== What you will do ==
A word-for-word copy of the lines below, starting at the line with "2024 NISSAN QASHQAI 2024 NISSAN QASHQAI" and ending at the last one, is what you should give. Omit every picture.

== Records ==
•••••

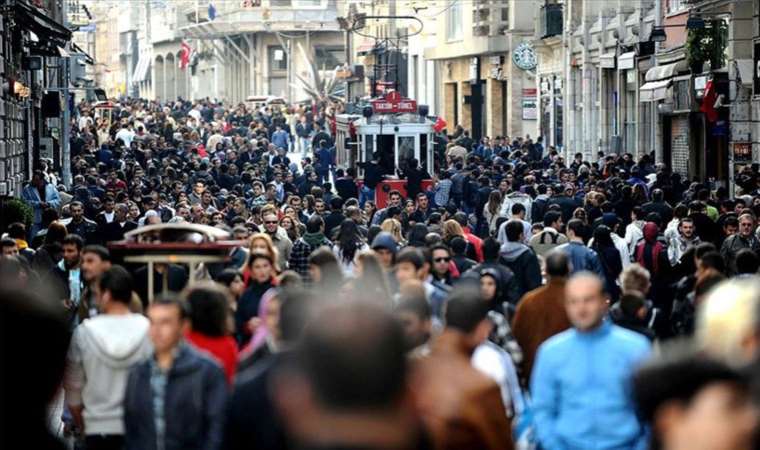 Ülkelerin nüfus büyüklüğüne göre sıralaması açıklandı... Türkiye kaçıncı sırada?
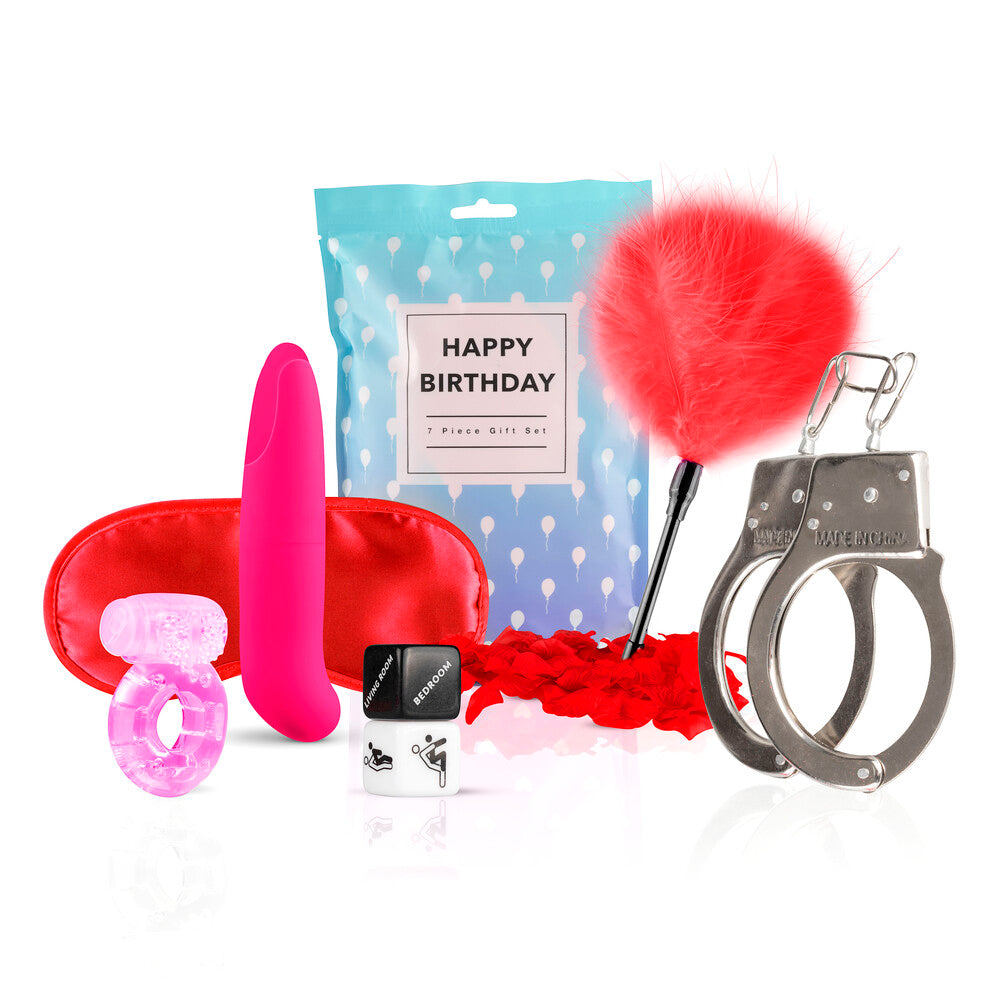 Loveboxxx Gift Set Lets Celebrate - APLTD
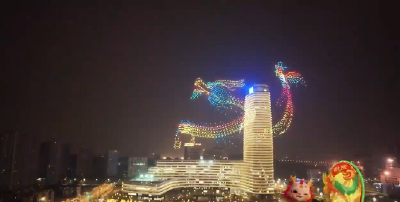 《龙凤呈祥中国年》2024湖北卫视春节联欢晚会，大年初一敬请关注！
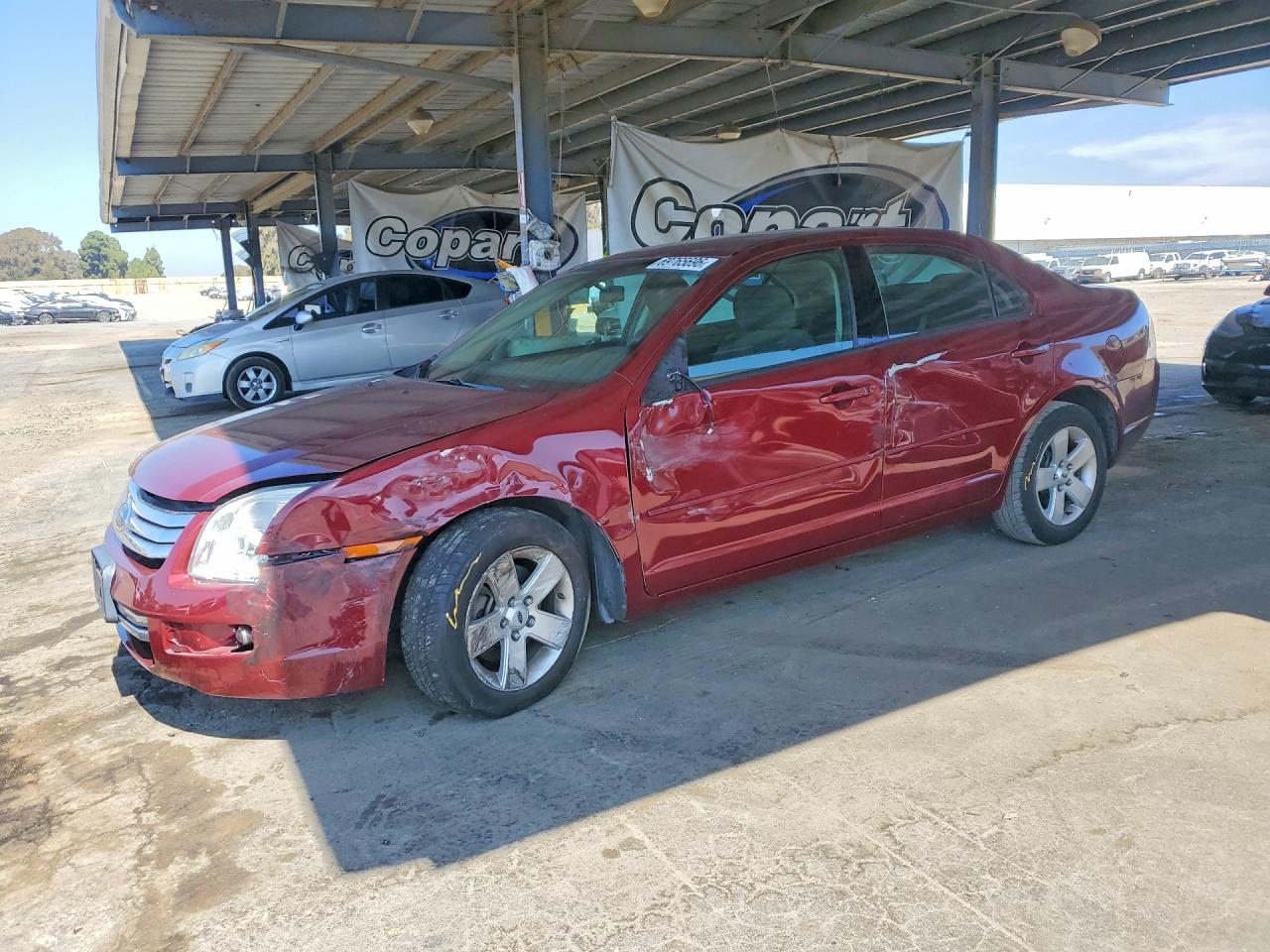 Photo of the 2007 FORD FUSION SE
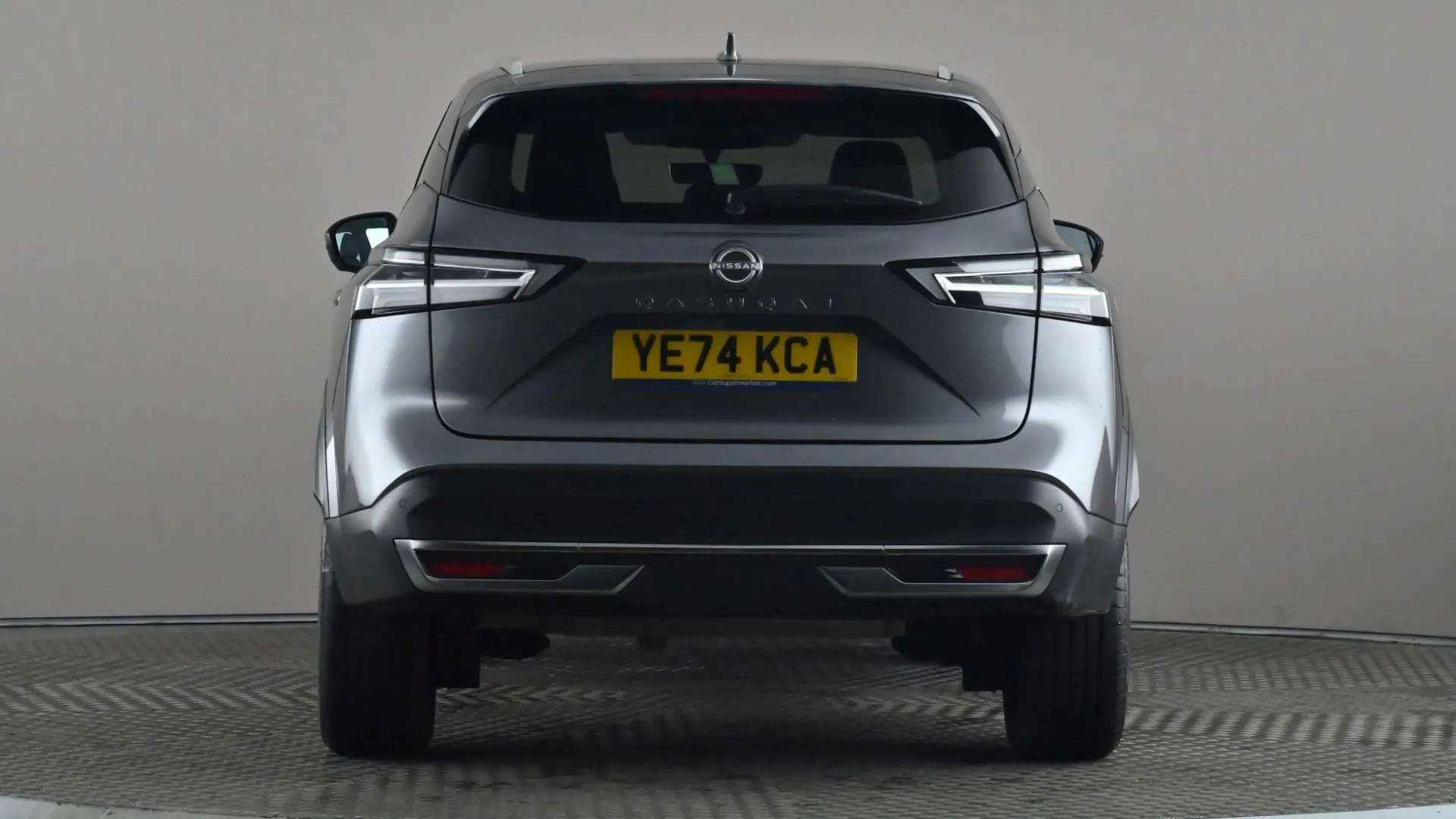 2024 NISSAN QASHQAI 2024 NISSAN QASHQAI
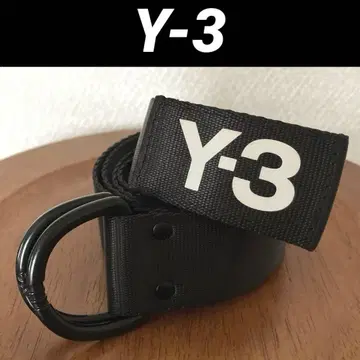 [ 새상품급 ] Y-3 벨트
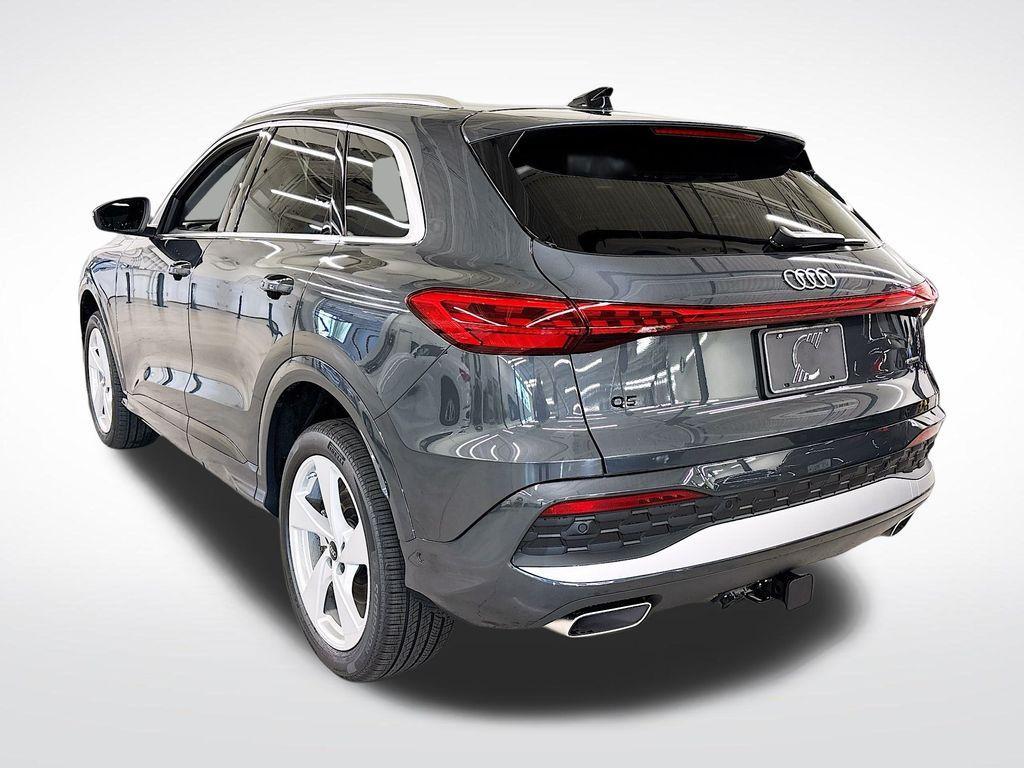 new 2025 Audi Q5 car, priced at $58,950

•••••

== Answer to this task ==
 2024 NISSAN QASHQAI 2024 NISSAN QASHQAI
 [ 새상품급 ] Y-3 벨트
 new 2025 Audi Q5 car, priced at $58,950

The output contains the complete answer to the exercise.